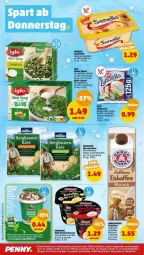 Gazetka promocyjna Penny - Prospekte - Gazetka - ważna od 08.10 do 08.10.2022 - strona 28 - produkty: auer, Bau, Bauer, Becher, bergader, beutel, ehrmann, eis, eiskaffee, kaffee, Käse, käsescheiben, LG, mac, mit zwiebeln, mousse, mozzarella, reis, rel, spinat, tee, Ti, zott, zottarella, ZTE, zwiebel, zwiebeln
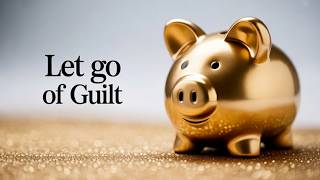 subliminal - forgive yourself for past money mistakes - become a money magnet in 14 weeks - day 56
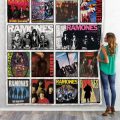 Ramones Blanket 3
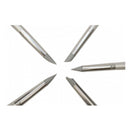 Paint & Sculpt Shapers 5pc, Silicone Clay Shapers, charcoal pastel blenders, tol1300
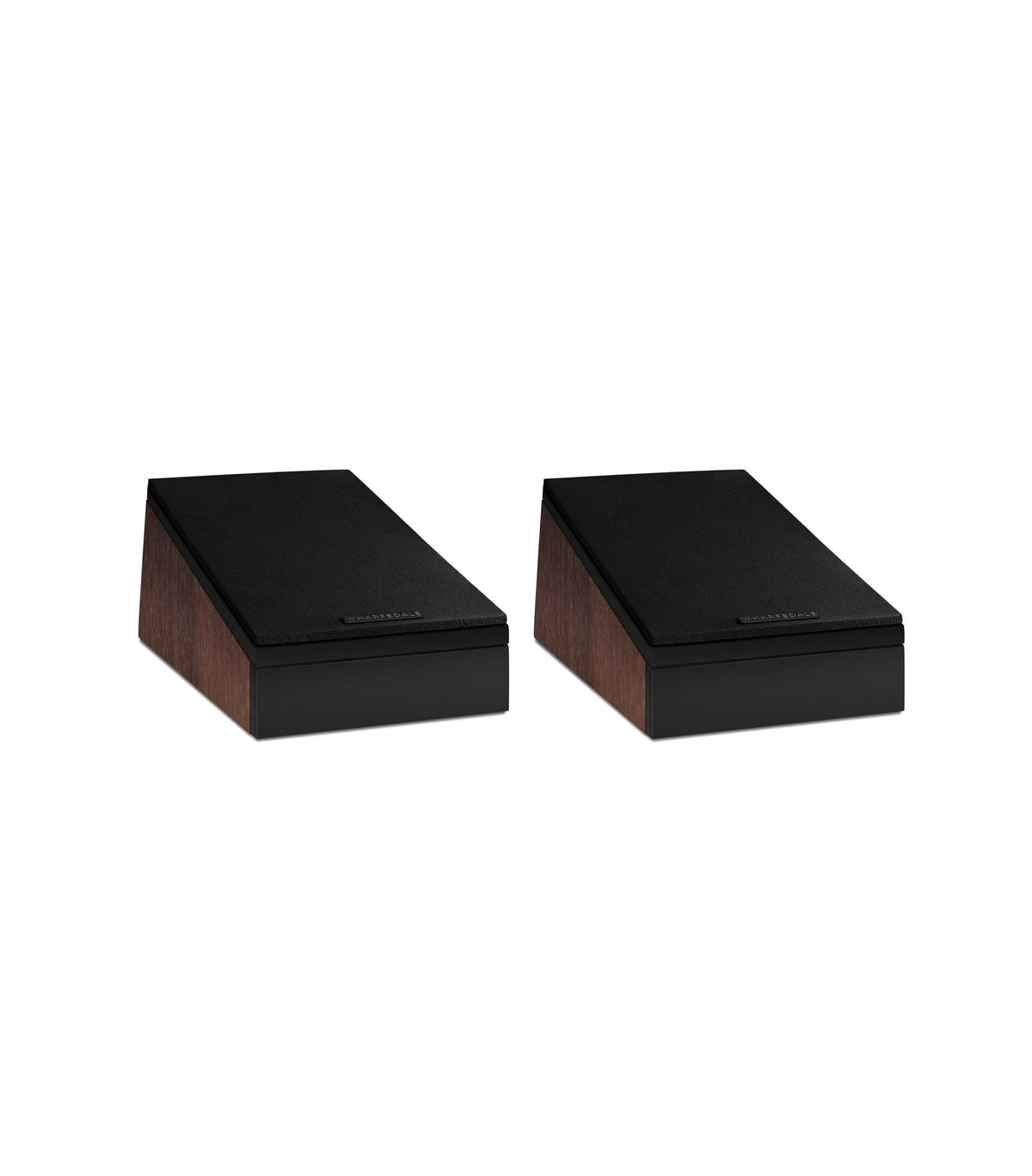 Wharfedale DIAMOND 12 3Di Dolby Atmos Speakers Classic Walnut (1 Pair)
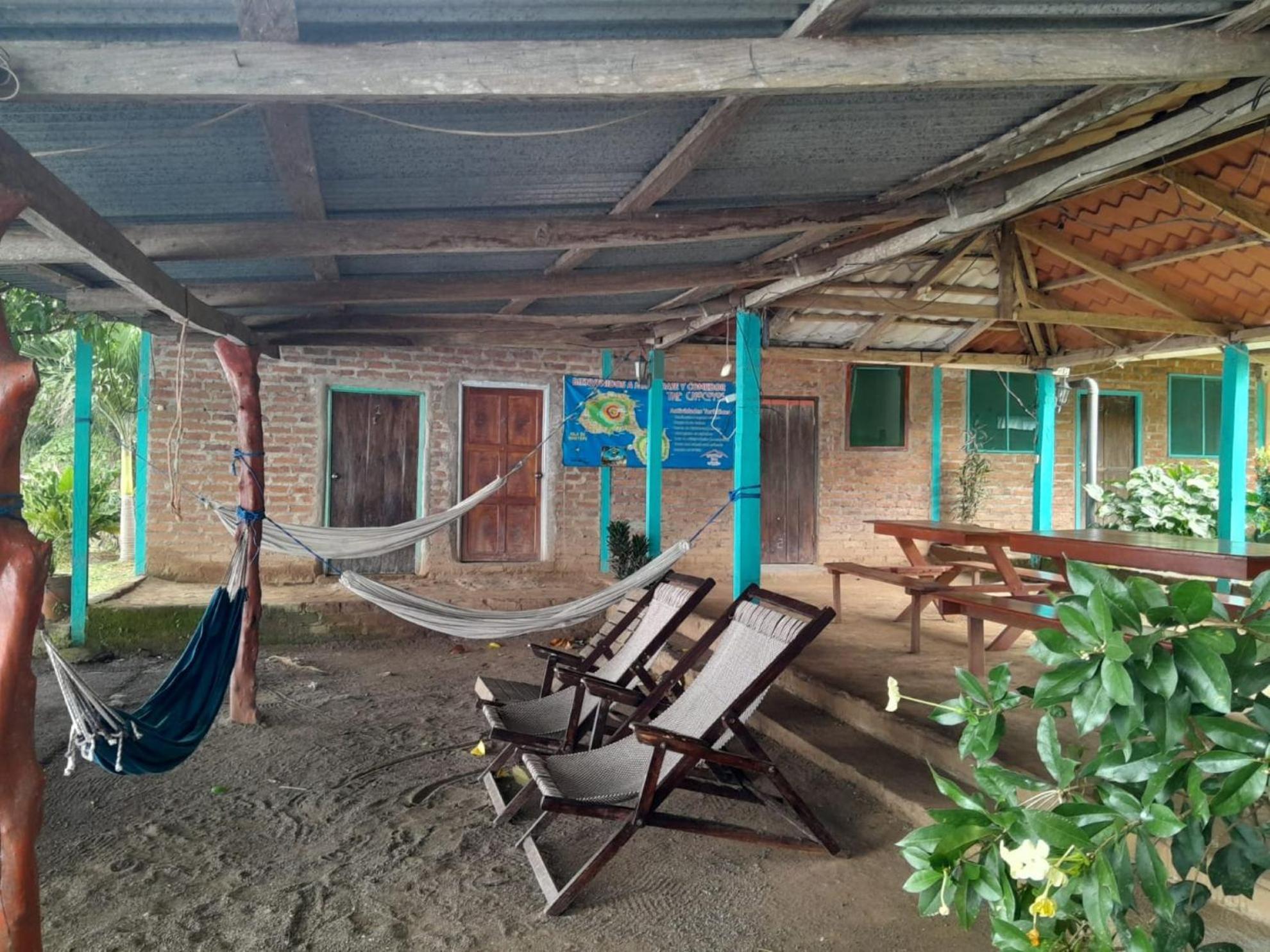 Hostel Los Chocoyos Mérida 외부 사진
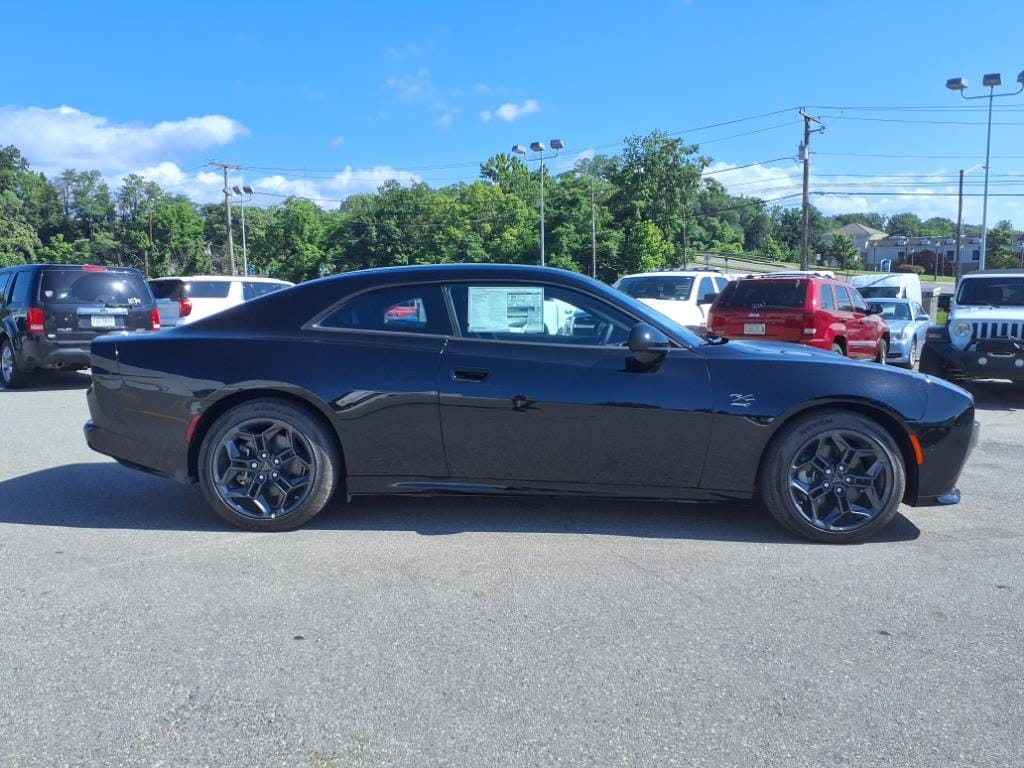 New 2025 Dodge Charger Daytona R/T Coupe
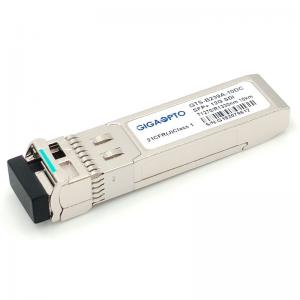 12G UHD SDI Video SFP Transceiver BiDi 12T 13R SMPTE Optical Transceiver Manufacturer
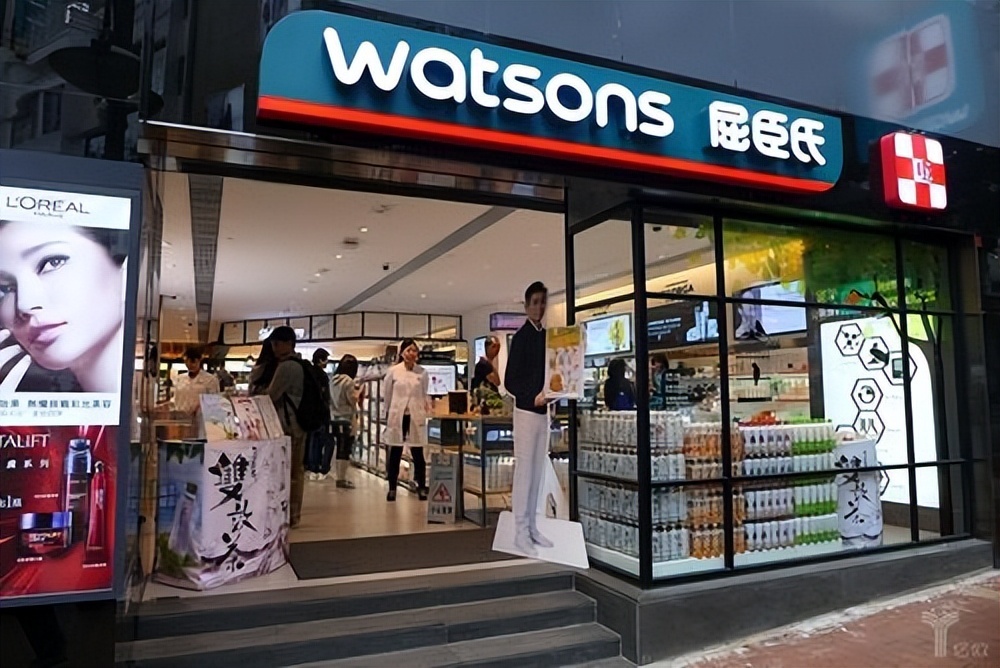 逛屈臣氏瞧见这几款“老国货”，别错过，虽然看着廉价但值得尝试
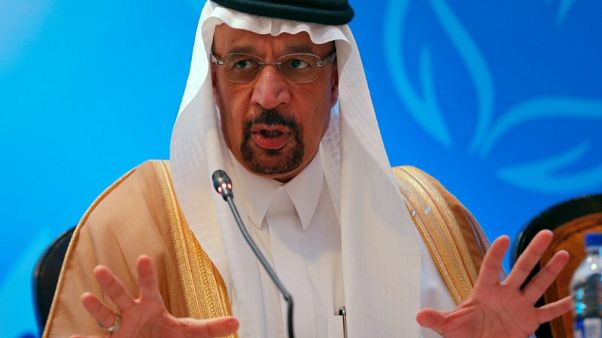 السعودية تطمئن كندا بشأن النفط رغم الخلاف وتقول تصريحات ترودو إيجابية السعودية تطمئن كندا بشأن النفط رغم الخلاف وتقول تصريحات ترودو إيجابية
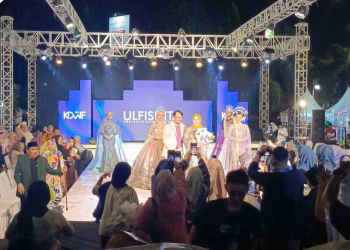 Festival Asmara Gen Z di Cileungsi menghadirkan para pemain sinetron populer dengan konser, fan meet, dan drama musikal spesial untuk penggemar.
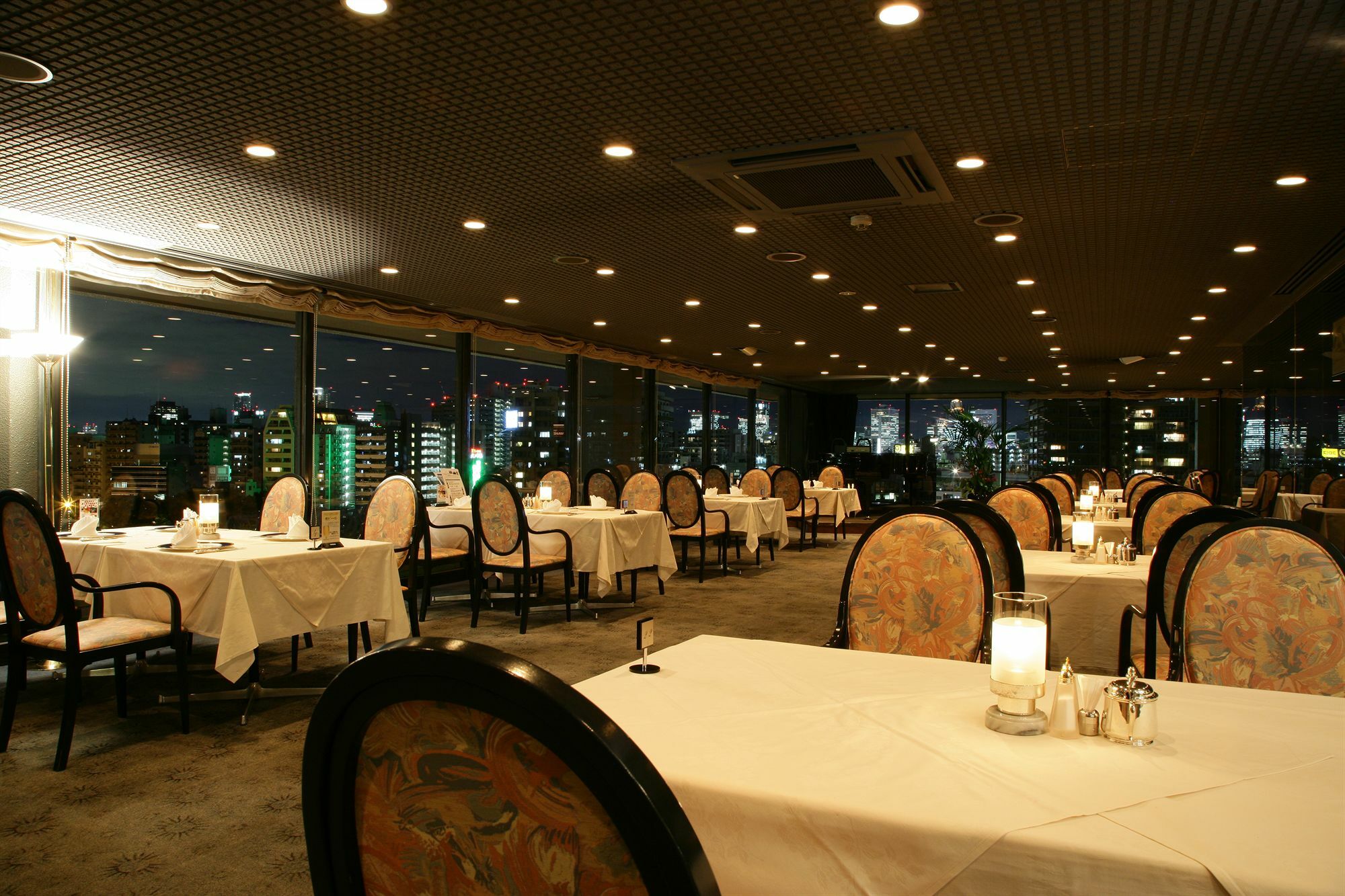 Osaka Riverside Hotel Екстериор снимка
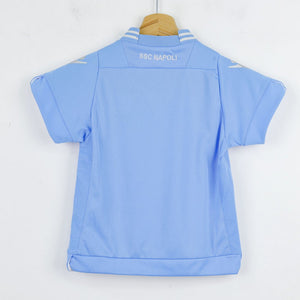 Maglia Napoli Macron Bambino 2013/2014 by MACRON - Home (2)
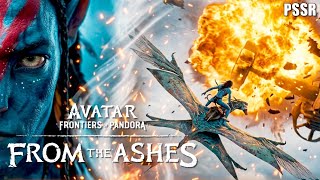 [Avatar] 風のように飛べ FROM THE ASHES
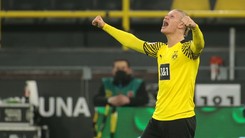 Haaland goni Lewandowskiego. Borussia wywiera presje na Bayern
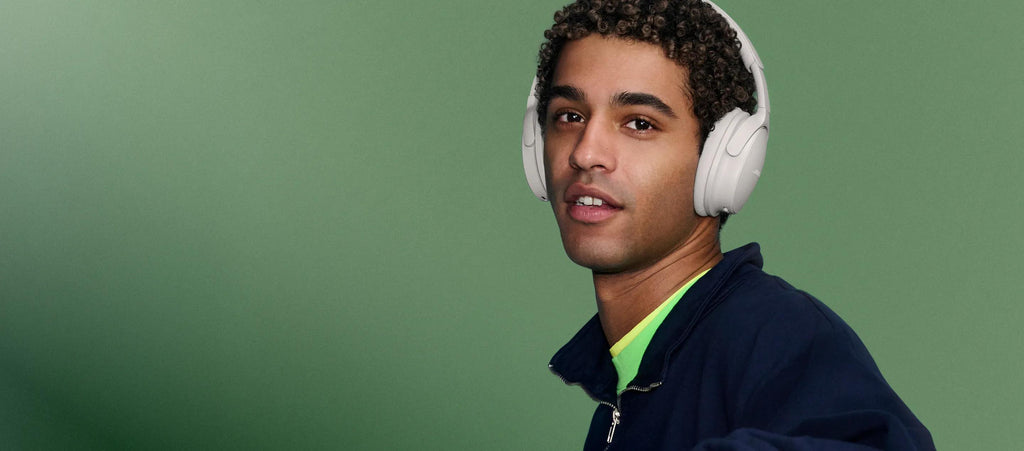 Bose QuietComfort Headphones (2nd Gen)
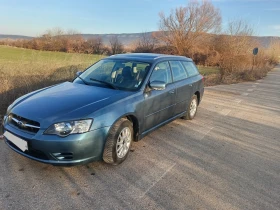 Subaru Legacy, снимка 1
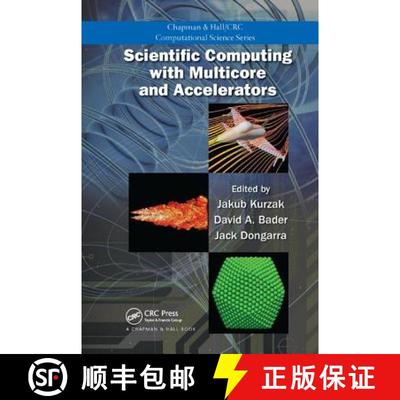 【3-4周达】Scientific Computing with Multicore and Accelerators [9781138113329]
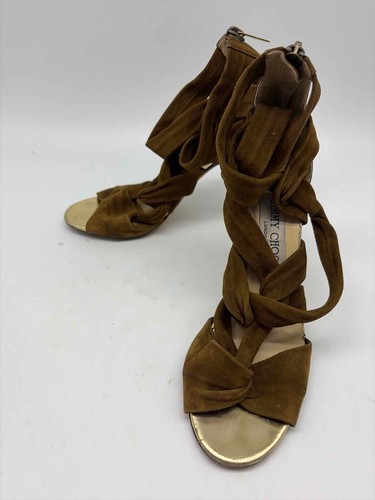 Jimmy choo marrone taglia - jimmy,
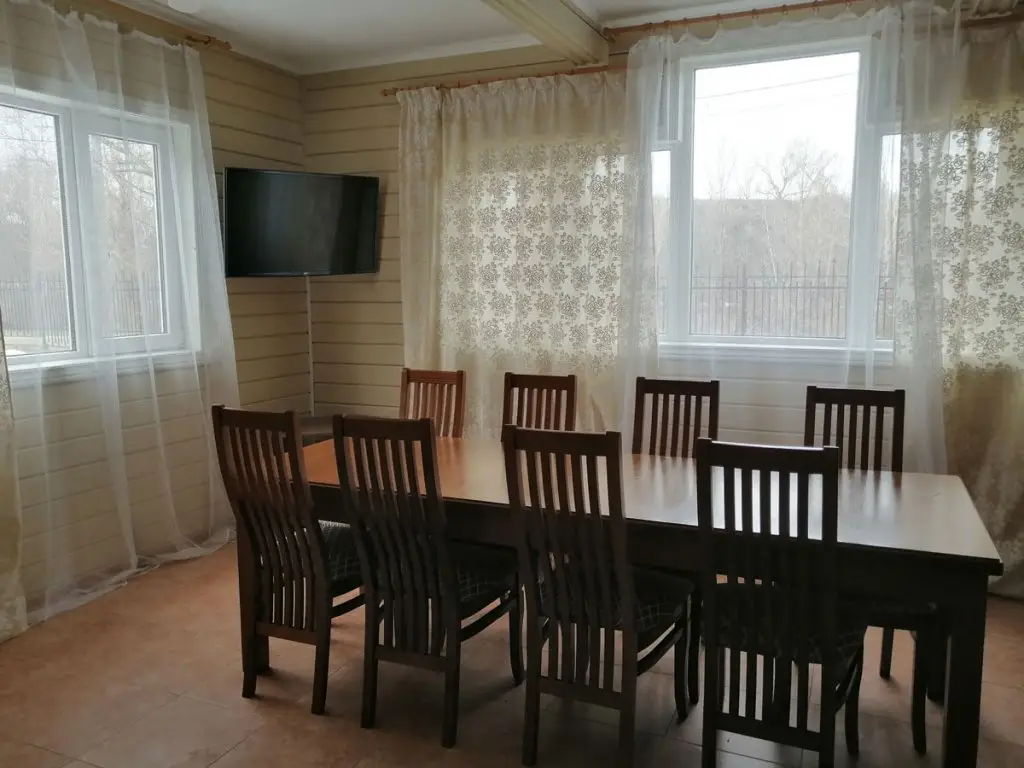 Kottedzhi V Arendu Guest House — фото 1
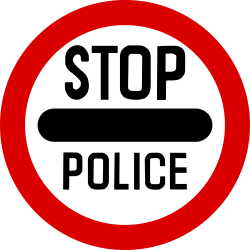 File:Singapore Road Signs - Restrictive Sign - Stop - Police.svg ...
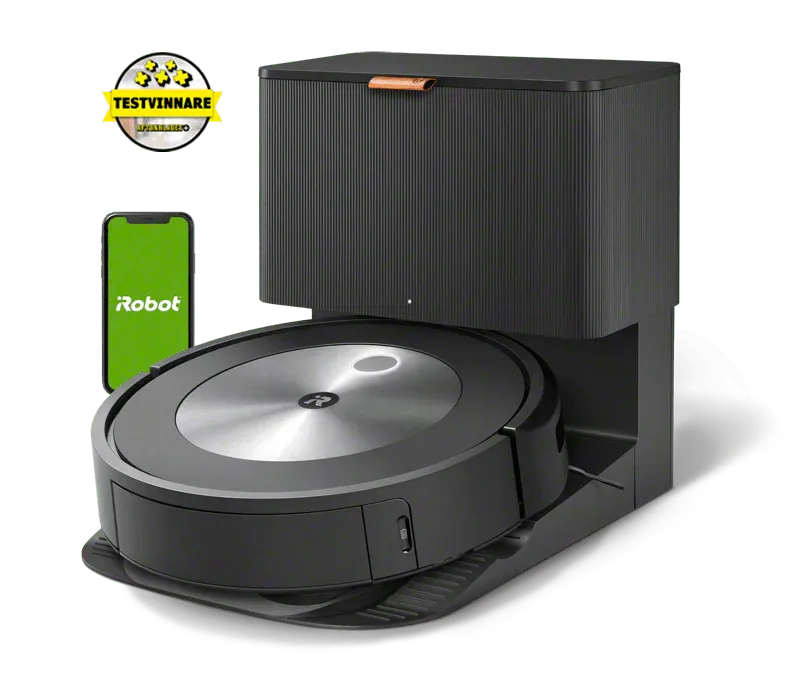iRobot Roomba j7+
•••••
All lines from the one containing "Bose QuietComfort Headphones (2nd Gen)" through the final line of the entries above must be restated word for word, pictures excluded.

Answer section:
 Bose QuietComfort Headphones (2nd Gen)
 Subaru Legacy, снимка 1
 【3-4周达】Scientific Computing with Multicore and Accelerators [9781138113329]
 Jimmy choo marrone taglia - jimmy,
 Kottedzhi V Arendu Guest House — фото 1
 File:Singapore Road Signs - Restrictive Sign - Stop - Police.svg ...
iRobot Roomba j7+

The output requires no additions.